# Text processing, web scraping (1)

## Basic string processing

In [146]:
# y'all remember that, right ?

In [1]:
# string normalization:
# .lowercase
# .strip

s = " Blois tours  amiens\n"

In [2]:
s.strip()

'Blois tours  amiens'

In [9]:
[str.lower(e) for e in s.strip().split(" ") if e!=""]

['blois', 'tours', 'amiens']

## String similarity measure

Given two strings, how do we decide whether they are the same?

- hamming distance: number of positions where characters differ
- edit distance (Levenshtein distance): number of single character edits (insertion, deletion, substitution) to transform one string into another.


In [10]:
t1 = "londres"
t2 = "london"
t3 = 'moscow'

#1: write a function which compute hamming distance between two strings of same length



In [12]:
def compare_1(s1,s2):
    n = len(s1)
    c = 0
    for i in range(n):
        if s1[i] != s2[i]:
            c +=1
    return c

In [14]:
compare_1(t2, t3)

4

In [15]:
compare_1(t2, t1)

2

In [16]:
import numpy as np

In [24]:
def compare_2(s1,s2): return sum(~(np.array(list(s1))==np.array(list(s2))))

In [25]:
compare_2(t3,t2)

4

#2: write a function which compute levenhstein distance 
(compare with Hamming distance)


In [27]:
from difflib import SequenceMatcher
def similar(a,b):
    return SequenceMatcher(None,a,b).ratio()

In [28]:
similar(t1,t2)

0.6153846153846154

In [29]:
similar(t2, t3)

0.3333333333333333

In [30]:
similar(s1,s2)

0.9

In [31]:
s1 = "Francois Hollande"
s2 = "Hollande Francois"
s3 = "Theresa May"

In [32]:
similar(s1,s2)

0.47058823529411764

In [33]:
similar(s1,s3)

0.2857142857142857

#3 show the difference between hamming and levenshtein on a simple example

In [34]:
s1 = "0123456"
s1 = "1234560"

## Regular expression

### Context

- Regular Expression: Concise way to describe a set of strings
- Deterministic Finite State Automaton: Machine to recognize whether a given string is in a given set.

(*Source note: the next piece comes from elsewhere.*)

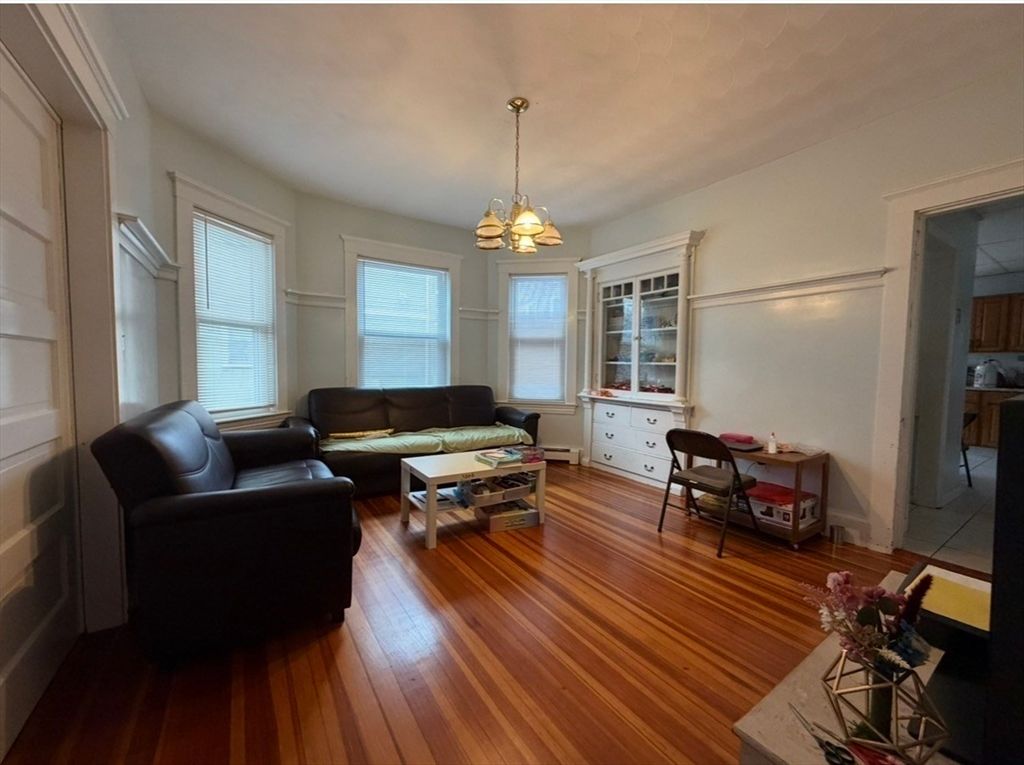 Interior, Living room, Pendant Lights, Wood Texture Flooring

Duality theorem: for any DFA, there exists a regular expression to describe
the same set of strings; for any regular expression, there exists a
DFA that recognizes the same set.

Most good programming language feature a regular expression engine which converts an expression pattern into an automaton. The latter form is compiled and very efficient.

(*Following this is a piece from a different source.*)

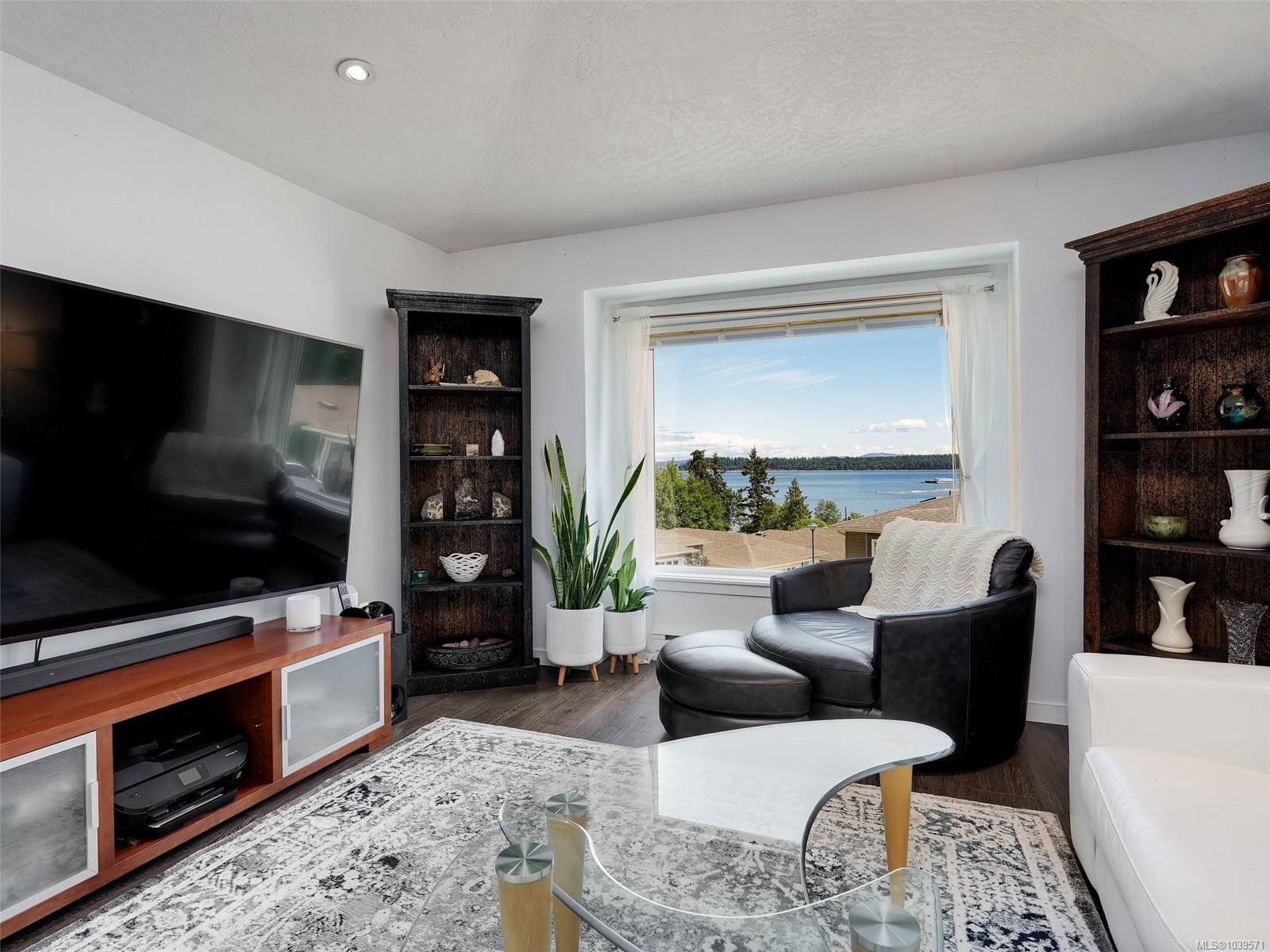 #1-2740 Stautw Rd, Central Saanich, BC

_Example_: the state of an automaton moves as a function of the current character. A string is accepted if automaton ends in a prespeciefed end-state. The following automaton recognizes only three types of characters `a`, `b` and `c`. Can you predict all the strings recognized by the automaton?

![](automation.dio.png)

In [37]:
import re

In [38]:
regex = re.compile("a(?:ab*|ba*)bc*") # we'll explain the syntax fully below
# * means repeat one or many times
# | means or
# (?: ... ) creates a group

In [39]:
regex.match("abbc") # returns a match object

<re.Match object; span=(0, 4), match='abbc'>

In [40]:
regex.match("acb") # returns nothing

It is also possible to find one or many elements corresponding to a pattern in a substring:

In [45]:
txt = "This is a text containing aabbc and some random ababreviations"

In [46]:
# one element
m = regex.search(txt)

In [48]:
m

<re.Match object; span=(26, 31), match='aabbc'>

In [49]:
#many elements:
re.findall(regex, txt)

['aabbc', 'abab']

### Generic regular expression syntax

There are many tutorials to learn the syntax, some of them interactive.
See among others
- https://regexone.com/
- https://developers.google.com/edu/python/regular-expressions

When designing a regular expression, one can use a specialized software to get immediate feedback. For instance https://regex101.com/

#### Basic Patterns: 

(following is taken from developers.google.com)

The power of regular expressions is that they can specify patterns, not just fixed characters. Here are the most basic patterns which match single chars:

- a, X, 9, < -- ordinary characters just match themselves exactly. The meta-characters which do not match themselves because they have special meanings are: . ^ $ * + ? { [ ] \ | ( ) (details below)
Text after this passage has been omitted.